-- TASK --
Exact reproduction required: the lines below from the line with "30 Count Duster" to the line with "new holland - tričko s dlhým rukávom biely", both ends included, and no others.

──────

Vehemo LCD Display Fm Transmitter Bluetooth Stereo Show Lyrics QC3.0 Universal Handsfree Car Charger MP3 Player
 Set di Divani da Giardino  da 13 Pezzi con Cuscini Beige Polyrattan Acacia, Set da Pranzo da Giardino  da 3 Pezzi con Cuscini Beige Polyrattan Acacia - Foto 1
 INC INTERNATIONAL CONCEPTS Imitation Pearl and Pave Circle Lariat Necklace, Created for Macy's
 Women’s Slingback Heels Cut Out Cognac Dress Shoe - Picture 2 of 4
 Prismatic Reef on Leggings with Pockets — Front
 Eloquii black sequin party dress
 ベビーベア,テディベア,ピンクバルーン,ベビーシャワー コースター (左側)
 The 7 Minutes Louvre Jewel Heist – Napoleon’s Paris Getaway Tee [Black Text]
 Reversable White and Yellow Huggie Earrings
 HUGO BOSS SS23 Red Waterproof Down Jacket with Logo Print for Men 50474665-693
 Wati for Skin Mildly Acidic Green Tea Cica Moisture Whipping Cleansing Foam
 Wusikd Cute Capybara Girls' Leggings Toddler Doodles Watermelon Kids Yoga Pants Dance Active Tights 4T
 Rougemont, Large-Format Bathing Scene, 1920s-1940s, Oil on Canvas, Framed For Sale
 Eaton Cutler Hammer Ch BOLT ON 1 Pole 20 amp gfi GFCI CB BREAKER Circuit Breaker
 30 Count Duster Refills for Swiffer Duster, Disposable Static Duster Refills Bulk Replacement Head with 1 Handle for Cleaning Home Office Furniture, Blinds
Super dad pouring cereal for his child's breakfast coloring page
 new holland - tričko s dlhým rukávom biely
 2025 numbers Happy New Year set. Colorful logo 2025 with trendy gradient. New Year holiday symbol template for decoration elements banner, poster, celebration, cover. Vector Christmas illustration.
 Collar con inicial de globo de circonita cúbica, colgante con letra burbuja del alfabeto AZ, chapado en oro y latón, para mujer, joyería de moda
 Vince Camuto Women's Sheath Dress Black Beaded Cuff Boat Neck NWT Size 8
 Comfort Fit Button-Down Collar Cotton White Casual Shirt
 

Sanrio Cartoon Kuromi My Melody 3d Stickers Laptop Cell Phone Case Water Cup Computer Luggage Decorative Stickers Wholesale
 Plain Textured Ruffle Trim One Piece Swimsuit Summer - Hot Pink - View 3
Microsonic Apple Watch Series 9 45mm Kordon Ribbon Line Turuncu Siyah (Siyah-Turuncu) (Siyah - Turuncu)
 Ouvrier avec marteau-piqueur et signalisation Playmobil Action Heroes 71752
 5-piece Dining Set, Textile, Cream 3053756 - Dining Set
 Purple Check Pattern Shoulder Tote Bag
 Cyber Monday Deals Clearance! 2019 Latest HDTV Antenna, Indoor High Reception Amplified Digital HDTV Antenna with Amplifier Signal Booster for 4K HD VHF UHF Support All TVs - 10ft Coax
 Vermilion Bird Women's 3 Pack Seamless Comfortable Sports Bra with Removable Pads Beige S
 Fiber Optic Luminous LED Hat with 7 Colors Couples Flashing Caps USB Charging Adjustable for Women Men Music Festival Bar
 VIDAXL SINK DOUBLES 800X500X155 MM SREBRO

──────

-- SOLVED EXERCISE --
 30 Count Duster Refills for Swiffer Duster, Disposable Static Duster Refills Bulk Replacement Head with 1 Handle for Cleaning Home Office Furniture, Blinds
Super dad pouring cereal for his child's breakfast coloring page
 new holland - tričko s dlhým rukávom biely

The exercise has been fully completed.